Pick mechanisms 16 pick the top-most sheet from each stack and move
the sheet into the media path 20. The term "pick" refers to moving
the media sheet from the media stack 14 into the media path 20.
Registration nip 21 formed between rolls 22 align the media sheet
prior to passing to a transport belt 23 and past a series of image
forming stations 100. A print system 42 forms a latent image on a
photoconductive member in each image forming station to form a
toner image. The toner image is then transferred from the image
forming station 100 to the passing media sheet.
[0015] Color image forming devices typically include four image
forming stations 100 for printing with cyan, magenta, yellow, and
black toner to produce a four-color image on the media sheet. The
transport belt 23 conveys the media sheet with the color image
thereon towards a fuser 24, which fixes the color image on the
media sheet. Exit rollers 26 either eject the print media to an
output tray 28, or direct it into a duplex path 29 for printing on
a second side of the media sheet. In the latter case, the exit
rollers 26 partially eject the print media and then reverse
direction to invert the media sheet and direct it into the duplex
path 29. A series of rollers in the duplex path 29 return the
inverted print media to the primary media path for printing on the
second side.
[0016] Pick mechanisms 16 comprise a pivoting arm 17 and a rotating
member 18 that rests on the top-most sheet. A stationary floor
supports the media stacks 14 in each of the input areas 13, 15. As
the media stack 14 is depleted, the location of the top-most sheet
moves further from the beginning of the media path 20. The pivoting
arm 17 pivots downward with the member 18 remaining in contact with
the top-most media sheet in the stack 14.

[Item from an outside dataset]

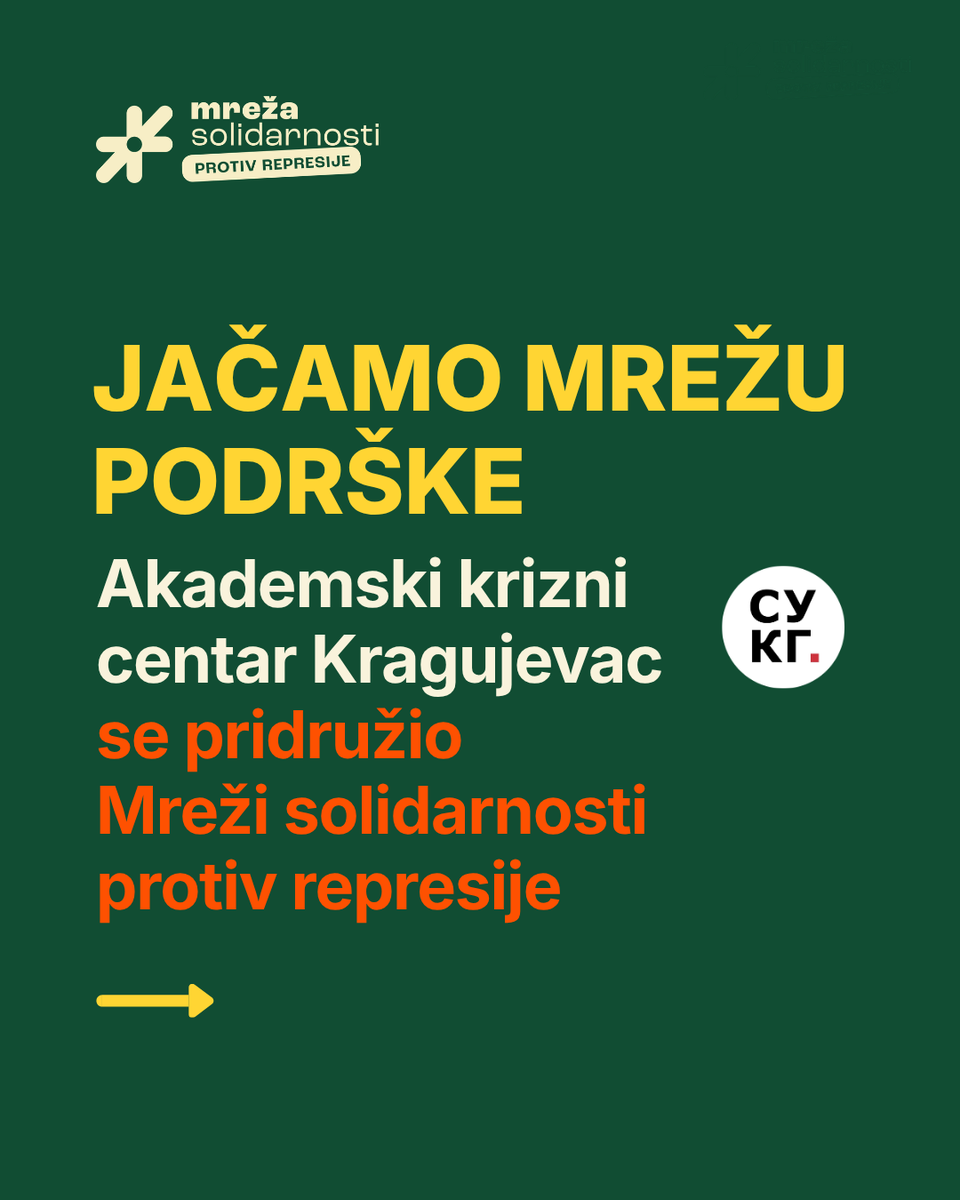 Mreza_Sol's tweet photo. Akademski krizni centar Kragujevac pridružio se Mreži solidarnosti protiv represije.

Sačuvajte i podelite kontakte za hitnu podršku iz objave.

Podržite rad Mreže donacijom putem sajta.

#MrezaSolidarnosti #SolidarnostProtivRepresije #Podrska #Solidarnost https://t.co/TkKQRTwCod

[0017] A media sensor 30 detects the amount of media contained in
the media stack 14. In one embodiment, sensor 30 detects a precise
height of the media sheets that remain with the stack 14. The
precise height may be detected to a predetermined fraction of an
inch. In one specific embodiment, sensor 30 detects the stack
height within 1/8 inch. Sensor 30 may also detect the stack height
within a predetermined range. A specific embodiment detects whether
the stack height is full, 3/4 full, 1/2 full, 1/4 full, and
empty.
[0018] FIG. 3 illustrates one embodiment of a sensor 30. Sensor 30
includes a sensing member 32 and an actuator 33. The actuator 33
has a flag 31 and an arm 34 that pivot about axis 35. The pivot
axis 35 is generally parallel to the sheets contained in the media
stack 14. The arm 34 is biased in the direction indicated by the
arrow labeled C into contact with the uppermost sheet T of the
media stack 14. In the embodiment shown, there is no external bias
element and the arm tends to swing downward under its own weight.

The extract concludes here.